Vous concluez votre livre sur une stèle, conservée dans un musée de la province de Shaanxi, qui fait un « compte rendu des chagrins » de l’année 1643. Après une brève description des catastrophes subies, et un poème de quatre lignes, l’auteur exprime l’horreur de cette dernière année des Ming en donnant la liste des prix exorbitants atteints par le riz, l’orge, le millet et le blé. Nous sommes habitués à lire et voir des histoires d’apocalypse où l’homme redevient un loup pour l’homme, où les systèmes politiques s’effondrent, obligeant les communautés humaines à « revenir » au troc… Votre ouvrage, en rappelant que l’effondrement climatique prend avant tout le visage d’une hyperinflation des denrées alimentaires, le rend immédiatement plus proche de ce que nous connaissons. Peut-on dire alors qu’en plus des dégâts écologiques, sanitaires et sociaux qu’il engendre, le réchauffement climatique nous coûtera cher ?

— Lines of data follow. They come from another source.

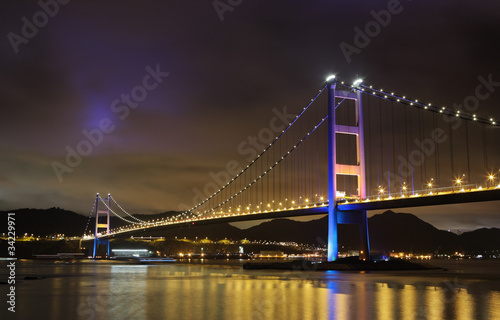 Tsing Ma Bridge night view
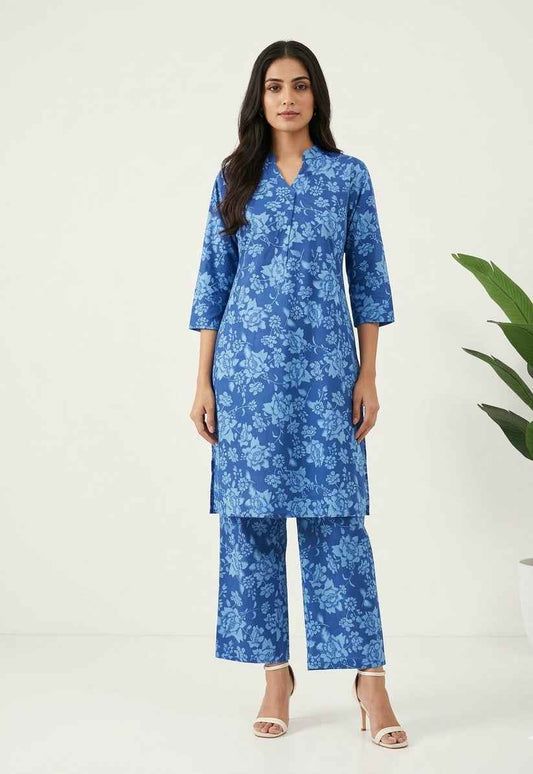 Pure Cotton Two Piece Co Ord Sets   LS008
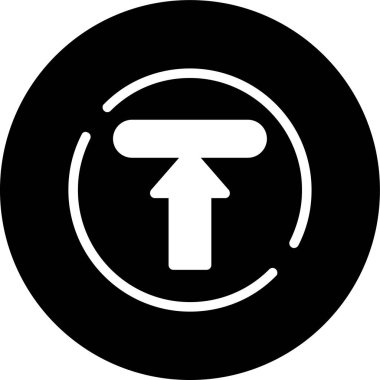 Oktan tepeye simge, vektör illüstrasyonu basit tasarım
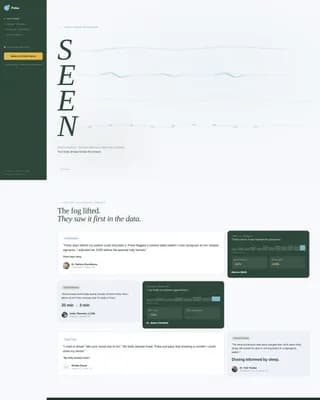 Pulse - Wearable Monitor Landing Page Template
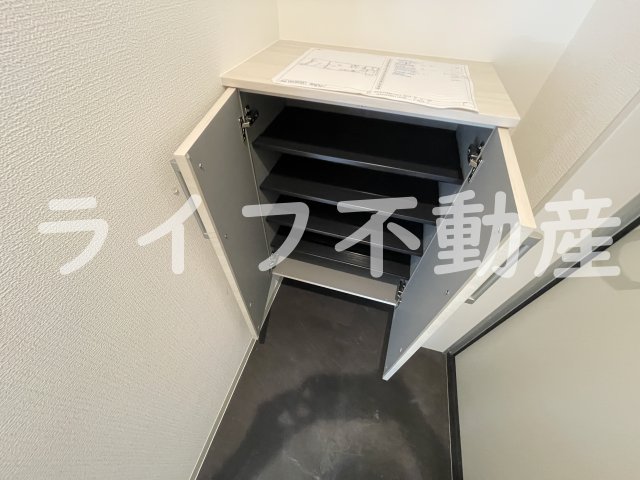 収納　収納があります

Si j’ai inclus cette inscription dans le dernier chapitre, c’est précisément pour faire ressentir aux lecteurs ce que vous évoquez. L’ampleur du désastre des années 1640 dépassait ce que la plupart d’entre nous peuvent imaginer, ou ce qu’ils pouvaient imaginer : leur monde s’est effondré de manière choquante. Ce que fera le nôtre n’est plus tout à fait une prédiction spéculative comme c’était le cas à l’époque. Contrairement aux gens de la fin de la dynastie Ming, nous avons la capacité d’analyser l’impact des changements climatiques et des prix. Pour eux, la seule explication était que le Ciel punissait l’humanité. Nous avons développé des méthodes plus complexes pour analyser ces changements. Serons-nous confrontés à une crise climatique de la même ampleur ? Même s’il est difficile de le prédire, nous savons que les cultures doivent respecter certaines limites pour arriver à maturité et à la récolte. En même temps, les gens doivent avoir confiance dans les mécanismes politiques et économiques en place pour croire qu’ils pourront survivre à la crise à venir. À moins que le climat ne change de manière vraiment désastreuse, nous devrions être en mesure d’anticiper et de prendre des mesures pour en atténuer les effets, afin que les terreurs qui ont accablé le peuple chinois en 1643 ne nous accablent pas. Mais cela dépend de la sagesse collective de notre monde, et cette sagesse collective s’est considérablement réduite au cours de la dernière décennie, alors que les riches et les puissants font la course pour conserver ce qu’ils ont et que les pauvres et les défavorisés sont abandonnés à leur sort.